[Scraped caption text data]
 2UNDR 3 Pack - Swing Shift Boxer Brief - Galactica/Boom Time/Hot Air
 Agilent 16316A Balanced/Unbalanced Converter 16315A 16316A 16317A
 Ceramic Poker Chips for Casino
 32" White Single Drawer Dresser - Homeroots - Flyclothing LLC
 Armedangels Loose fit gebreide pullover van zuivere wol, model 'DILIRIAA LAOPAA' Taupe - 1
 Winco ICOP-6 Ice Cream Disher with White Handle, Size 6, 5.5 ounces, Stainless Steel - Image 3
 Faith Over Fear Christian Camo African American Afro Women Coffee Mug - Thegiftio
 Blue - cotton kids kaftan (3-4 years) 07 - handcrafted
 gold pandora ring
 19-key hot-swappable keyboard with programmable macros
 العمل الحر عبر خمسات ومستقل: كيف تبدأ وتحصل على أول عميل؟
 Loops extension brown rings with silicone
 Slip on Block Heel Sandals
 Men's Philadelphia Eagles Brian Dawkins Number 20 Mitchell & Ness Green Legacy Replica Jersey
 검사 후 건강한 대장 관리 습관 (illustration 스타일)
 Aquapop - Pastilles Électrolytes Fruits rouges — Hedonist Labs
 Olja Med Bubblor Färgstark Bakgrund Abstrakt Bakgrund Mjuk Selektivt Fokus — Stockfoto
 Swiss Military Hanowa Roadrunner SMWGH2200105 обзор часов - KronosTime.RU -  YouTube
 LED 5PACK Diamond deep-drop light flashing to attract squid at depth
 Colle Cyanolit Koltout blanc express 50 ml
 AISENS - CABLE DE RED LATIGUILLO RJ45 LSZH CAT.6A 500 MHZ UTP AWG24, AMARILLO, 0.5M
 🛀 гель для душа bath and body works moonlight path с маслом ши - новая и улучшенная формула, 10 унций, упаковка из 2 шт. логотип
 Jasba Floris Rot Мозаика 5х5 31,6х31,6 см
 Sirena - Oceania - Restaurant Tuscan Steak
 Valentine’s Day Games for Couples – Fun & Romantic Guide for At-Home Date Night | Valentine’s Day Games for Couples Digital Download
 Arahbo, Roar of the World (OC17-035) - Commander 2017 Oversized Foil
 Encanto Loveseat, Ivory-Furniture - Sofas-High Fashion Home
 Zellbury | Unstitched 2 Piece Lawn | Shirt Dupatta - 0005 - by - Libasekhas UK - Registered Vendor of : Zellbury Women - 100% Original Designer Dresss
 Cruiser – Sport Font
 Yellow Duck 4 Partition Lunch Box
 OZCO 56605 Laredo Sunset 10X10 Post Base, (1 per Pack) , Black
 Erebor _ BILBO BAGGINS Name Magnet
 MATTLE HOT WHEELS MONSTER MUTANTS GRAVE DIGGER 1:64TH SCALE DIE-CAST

_Task to carry out_: Retype exactly the lines from the one containing "Valentine’s Day Games for Couples –" through the end of the data. Add nothing.

_Your solution_:
 Valentine’s Day Games for Couples – Fun & Romantic Guide for At-Home Date Night | Valentine’s Day Games for Couples Digital Download
 Arahbo, Roar of the World (OC17-035) - Commander 2017 Oversized Foil
 Encanto Loveseat, Ivory-Furniture - Sofas-High Fashion Home
 Zellbury | Unstitched 2 Piece Lawn | Shirt Dupatta - 0005 - by - Libasekhas UK - Registered Vendor of : Zellbury Women - 100% Original Designer Dresss
 Cruiser – Sport Font
 Yellow Duck 4 Partition Lunch Box
 OZCO 56605 Laredo Sunset 10X10 Post Base, (1 per Pack) , Black
 Erebor _ BILBO BAGGINS Name Magnet
 MATTLE HOT WHEELS MONSTER MUTANTS GRAVE DIGGER 1:64TH SCALE DIE-CAST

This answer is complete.